Islam sebagai agama adalah sebuah risalah profetik yang tunggal, namun demikian tafsir manusia terhadap risalah yang satu ini dalam perjalanan historisnya di bumi manusia tidak pernah berbentuk tunggal. Kondisi hidup dari setiap kelompok dan kekuatan sosial ketika memaknai situasi yang ia hadapi selalu mempengaruhi bagaimana ia membangun pandangan hidup, sistem nilai dan basis legitimasi atas apa yang ia yakini. Seperti diuraikan dengan gamblang oleh intelektual Islam profetik asal Iran Ali Syari’ati (1985) ketika menulis tentang riwayat Abu Dzar al-Ghifari dalam And Once Again Abu Dzar menguraikan “Tidaklah cukup mengatakan kembali ke Islam. Kita harus uraikan secara spesifik. Islamnya Abu Dzar sebagai rakyat ataukah Marwan sang penguasa...Yang satu adalah Islam khalifah, istana, penguasa, sementara yang lain adalah Islamnya rakyat, yang tertindas dan miskin”.

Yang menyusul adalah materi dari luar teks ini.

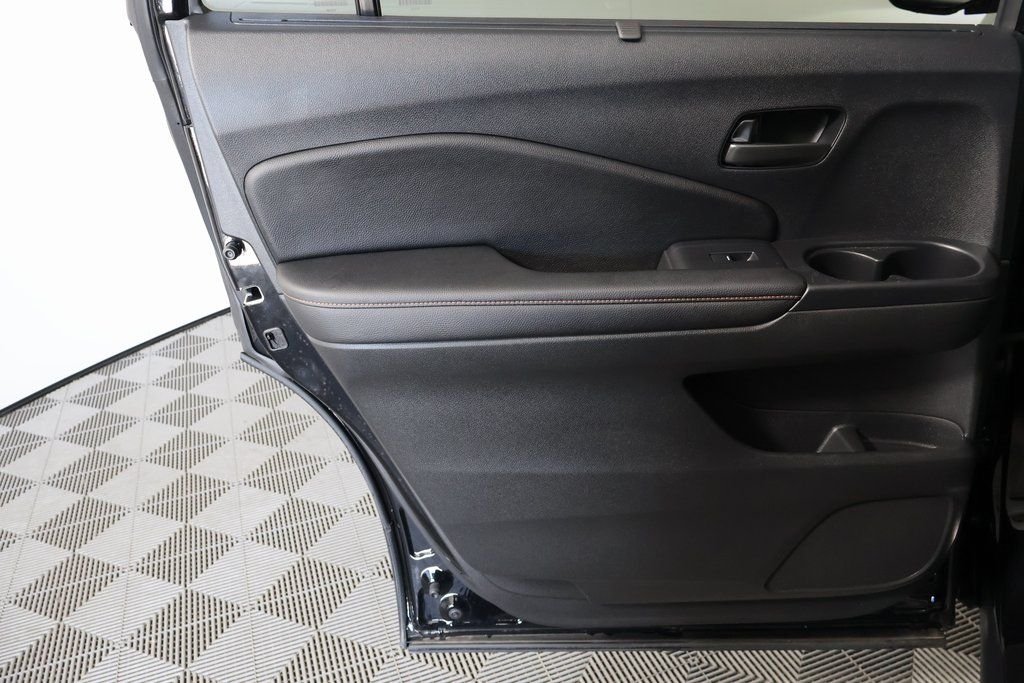 Used 2025 Black Honda TrailSport image 13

Pandangan Ali Shariati di atas menunjukkan dengan jelas bagaimana ketika setiap orang datang dan memeluk teks suci tidaklah bebas nilai, manusia datang dengan segenap harapan dan problematikanya sendiri. Demikian pula tiap-tiap Muslim ketika memaknai agamanya Islam, maka mereka akan mendatanginya dengan sebuah komitmen awal yang mereka pilih secara sadar, sebuah titik berangkat yang pada kelanjutannya apabila ditelusuri akan membentuk pilihan ideologis, sistem nilai dan perangkat keyakinan yang secara metodologis membentuk pemahamannya tentang agama yang mereka peluk.

Hermeunetika Islam

Pandangan hermeunetik ini sendiri di dalam Islam bukanlah muncul belakangan, namun agaknya telah lahir seiring dengan kehadiran Islam itu sendiri. Seperti diuraikan dengan jelas oleh Imam Ali bin Abi Thalib dalam Nahjul Balaghah saat ia ditegur oleh kaum Khawarij ketika sepakat untuk berunding dengan Muawiyah, hal ini dianggap menyalahi perintah Al-Qur’an. Beliau kemudian meminta kepada mereka untuk membawa Al-Qur’an dan menyuruh kepada mereka agar Al-Qur’an berbicara. Ketika kaum Khawarij itu bingung dan terdiam atas uraian Imam Ali lalu beliau pun menguraikan sebuah kalimat yang menandai tradisi hermeunetika di dalam Islam yaitu, “Inilah Al-Qur’an itu yang ditulis dengan sebenar-benarnya, dan berdiri di antara dua pihak, namun ia tidak berbicara dengan lidahnya; ia butuh penafsir dan para penafsir adalah manusia”.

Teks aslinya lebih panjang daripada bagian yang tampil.